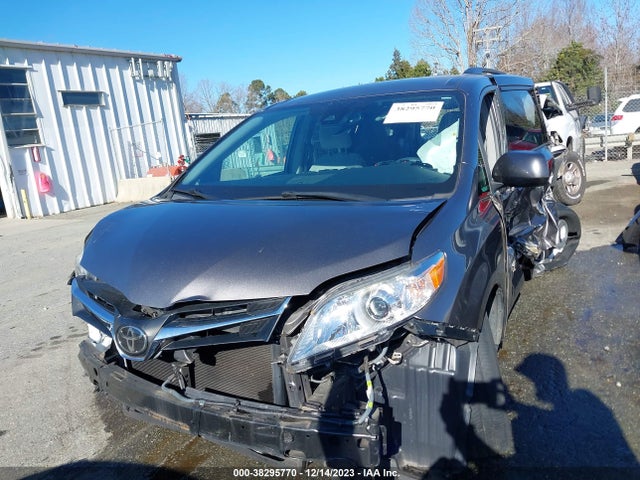 Toyota Sienna Le 8 Passenger 2018 5TDKZ3DC5JS903876 Image 13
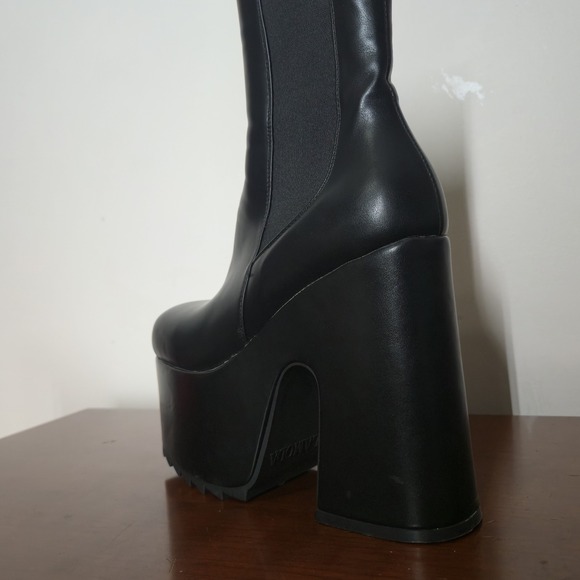 Women's LAMODA Doll Black Platform Slip-on Calf Boots Size 7 Gothic Alternative - Picture 9 of 9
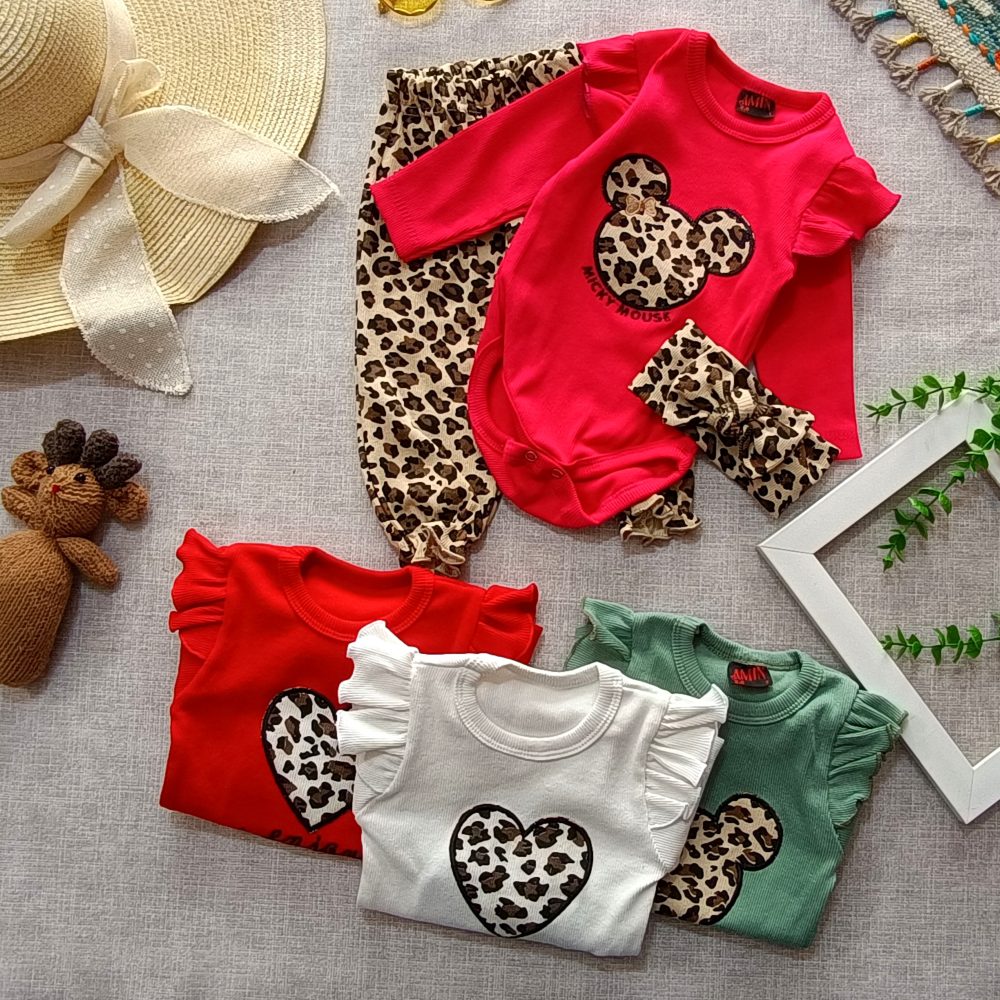 Girls' sweatshirts and pants from 3 months to 24 months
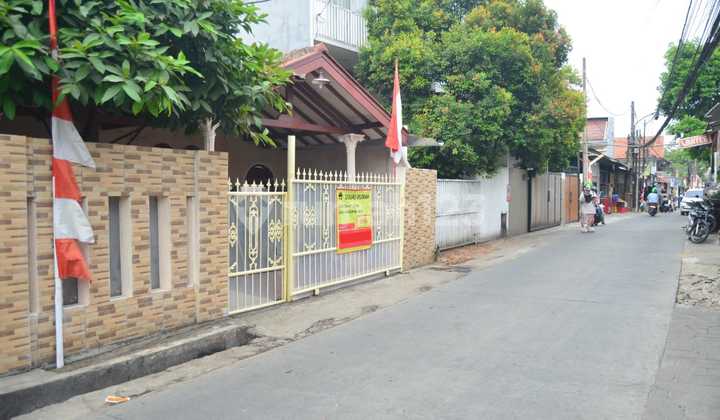 Affordable, Strategic, Spacious Road House in Kebagusan, South Jakarta, Near JORR Simatupang Toll Road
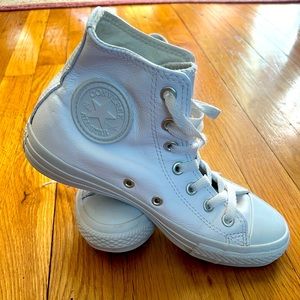 Chuck Taylor  Leather Hi Tops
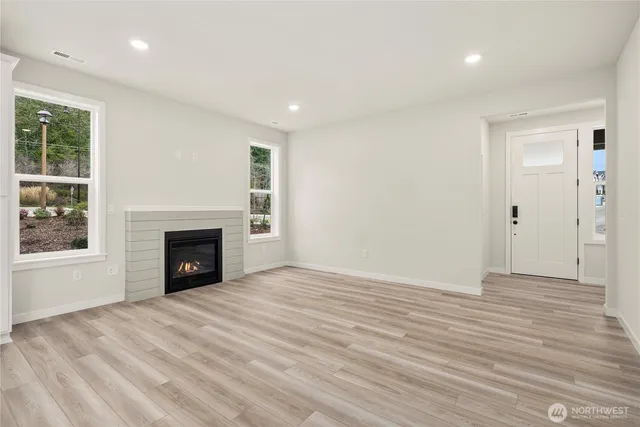 $699,990 | 17505 Northeast Midnight Sun Loop, Poulsbo, WA 98370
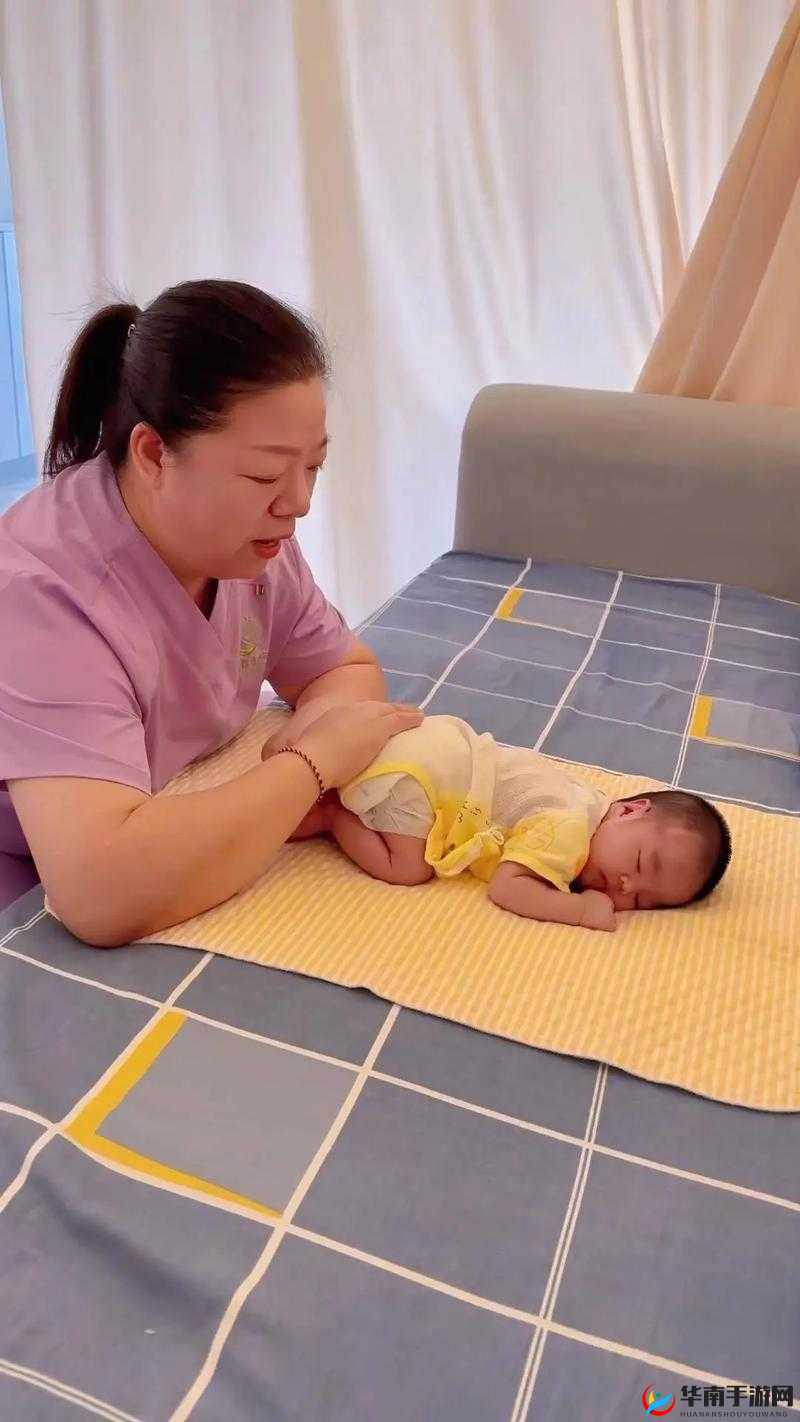 宝宝把腿抬起来靠墙上 C 这一独特姿势引发的奇妙现象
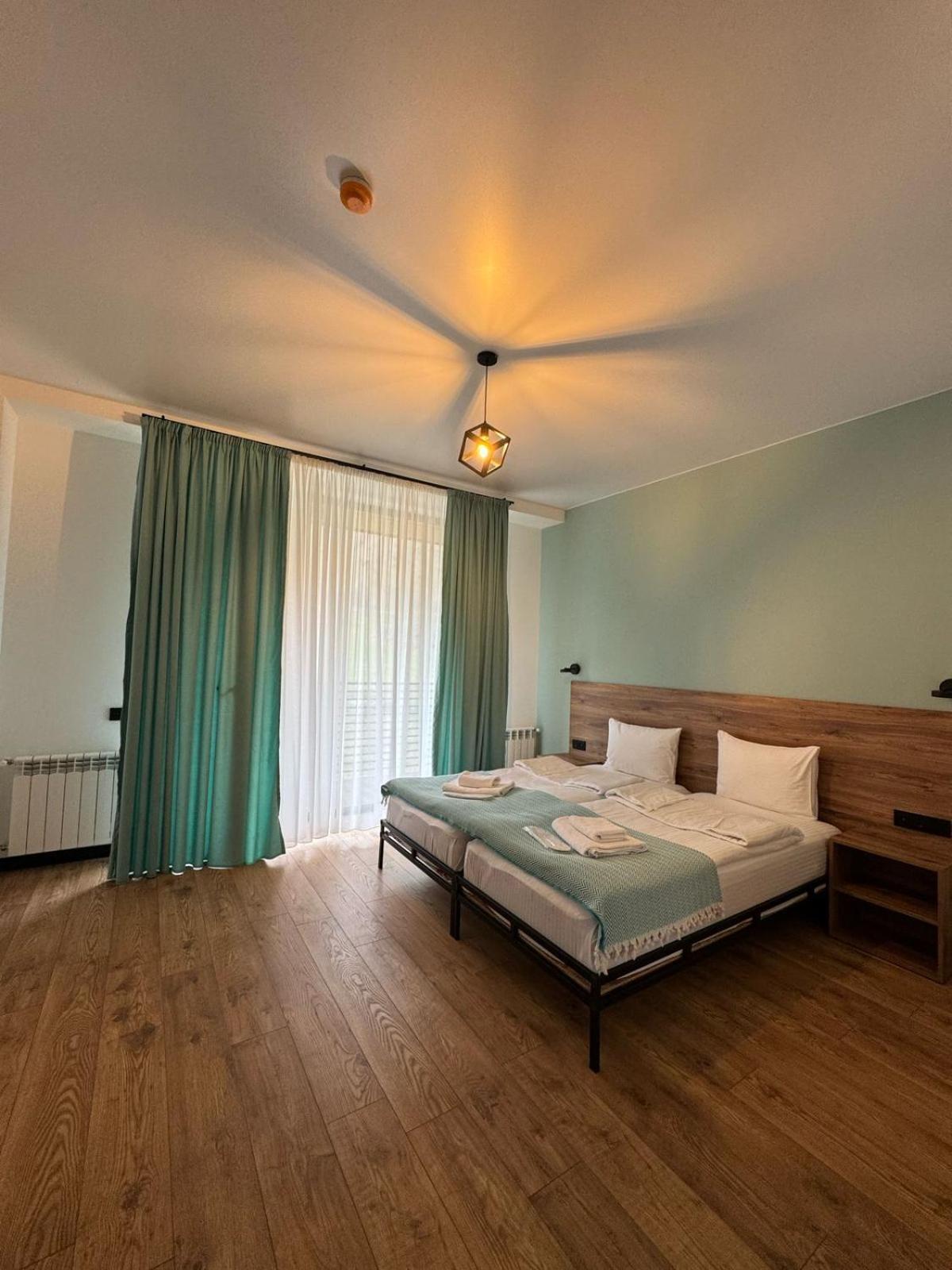Kazbegi Hotel Grand View Ngoại thất bức ảnh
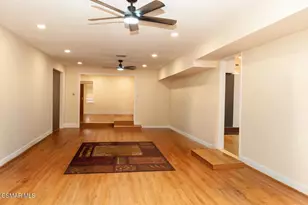 17912 Tiara St, Encino, CA 91316 - Photo 12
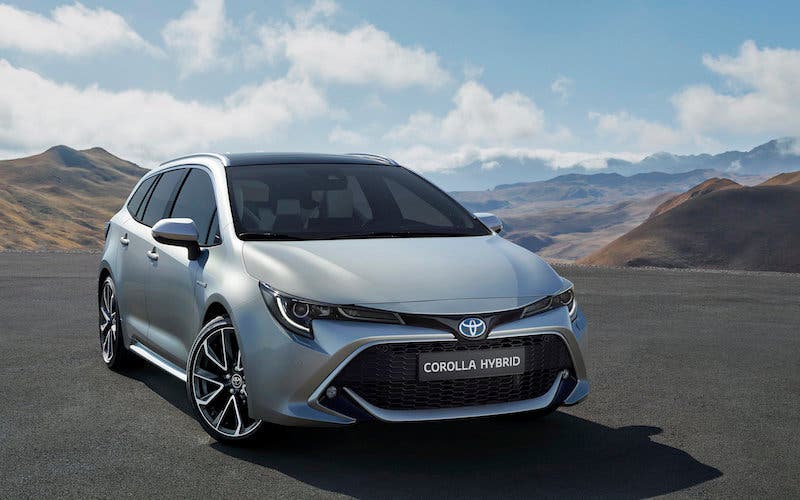 toyotacorollahybridtouringsports1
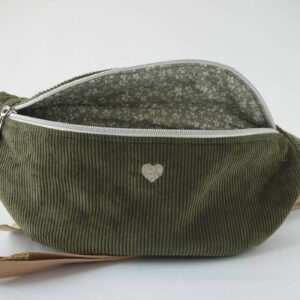 Sac banane Fanny, en velours côtelé vert fougère et bouclerie argentée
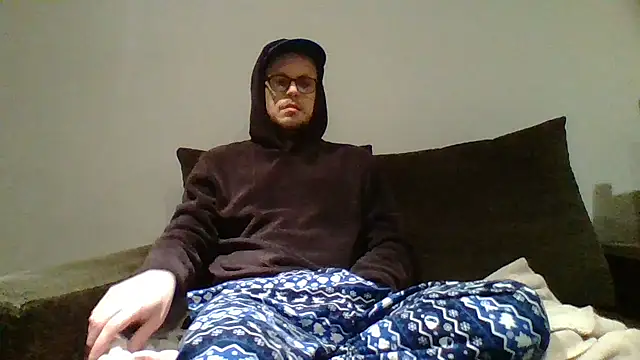 Snapshot of HornyLad34UK chatting on 03-16-26, 10:58 HornyLad34UK online show from 03-16-26, 10:58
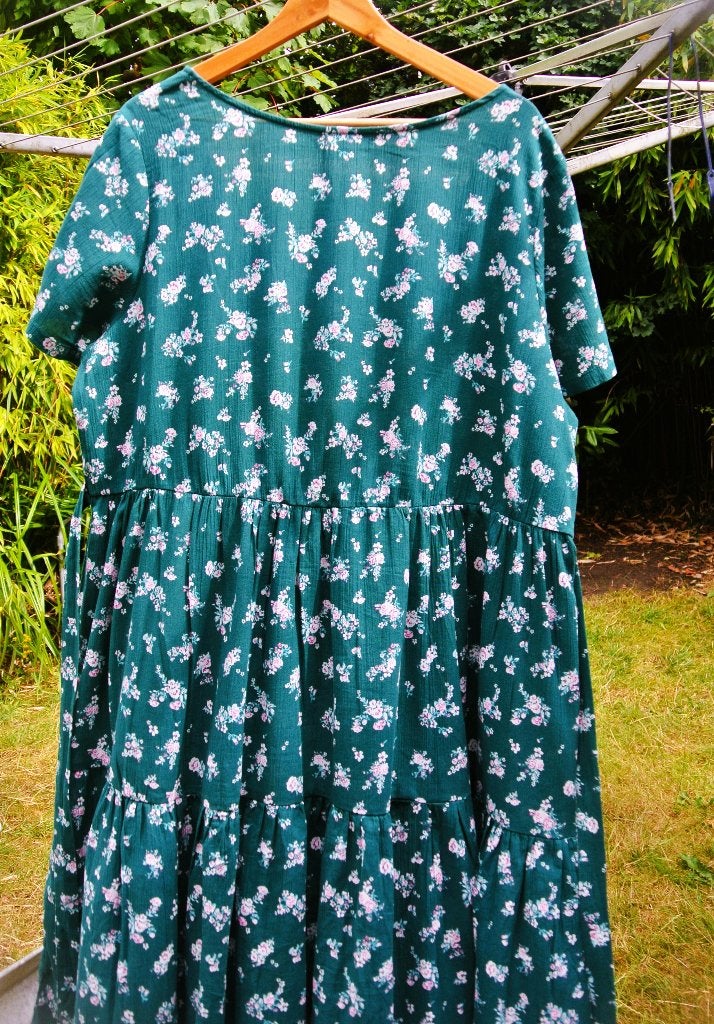 Jurk groen a-lijn wijd model roosjes zomerjurk katoen 46/48, Kleding | Dames, Grote Maten, Ophalen of Verzenden, Zo goed als nieuw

_____

**EXERCISE OBJECTIVE:** Find the line that has "Women's LAMODA Doll" in the listing, then retype it and each later line up to the last, exactly. Leave pictures out.

**RESPONSE AREA:**
 Women's LAMODA Doll Black Platform Slip-on Calf Boots Size 7 Gothic Alternative - Picture 9 of 9
 Girls' sweatshirts and pants from 3 months to 24 months
 Affordable, Strategic, Spacious Road House in Kebagusan, South Jakarta, Near JORR Simatupang Toll Road
 Chuck Taylor  Leather Hi Tops
 $699,990 | 17505 Northeast Midnight Sun Loop, Poulsbo, WA 98370
 宝宝把腿抬起来靠墙上 C 这一独特姿势引发的奇妙现象
Kazbegi Hotel Grand View Ngoại thất bức ảnh
 17912 Tiara St, Encino, CA 91316 - Photo 12
 toyotacorollahybridtouringsports1
 Sac banane Fanny, en velours côtelé vert fougère et bouclerie argentée
 Snapshot of HornyLad34UK chatting on 03-16-26, 10:58 HornyLad34UK online show from 03-16-26, 10:58
 Jurk groen a-lijn wijd model roosjes zomerjurk katoen 46/48, Kleding | Dames, Grote Maten, Ophalen of Verzenden, Zo goed als nieuw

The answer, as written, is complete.